Nel tempo, la popolazione ha subito una stratificazione ed una mescolanza, dovuta all’incontro tra gli abitanti di origine malese (da Ovest) e quelli di origine aborigena australiana (da Est), mentre si innestavano diffusamente i cinesi ed attecchivano minoranze indiane (in particolare, a Singapore e a Bali); a partire dal XVII secolo, e fino a qualche decennio fa, i coloni europei si sono insediati in tutta la regione, lasciando un’impronta duratura e ancora ben presente: gli inglesi in Malaysia e a Singapore, gli olandesi in Indonesia, i portoghesi a Timor.
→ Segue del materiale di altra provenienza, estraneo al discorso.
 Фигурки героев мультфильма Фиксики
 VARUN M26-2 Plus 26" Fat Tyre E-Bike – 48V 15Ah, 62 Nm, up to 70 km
L’influsso dell’occupazione si ritrova ancora in certa architettura, in alcune prassi amministrative e persino nelle tradizioni culinarie; è altresì possibile rintracciare anche un sostanzioso numero di persone, nate nella prima metà del secolo scorso, che posseggono la cittadinanza di uno degli Stati del Vecchio Continente, ma sono venute in realtà alla luce in uno di questi paesi a cavallo dell’equatore, dove hanno magari trascorso l’infanzia, e dove hanno poi deciso di vivere, lavorare o ritirarsi permanentemente.

 

L’ambiente geografico ed umano di tali luoghi è così vasto ed eterogeneo da riuscire a contenere una ricchezza davvero incredibile in termini di biodiversità e di sviluppo delle civiltà.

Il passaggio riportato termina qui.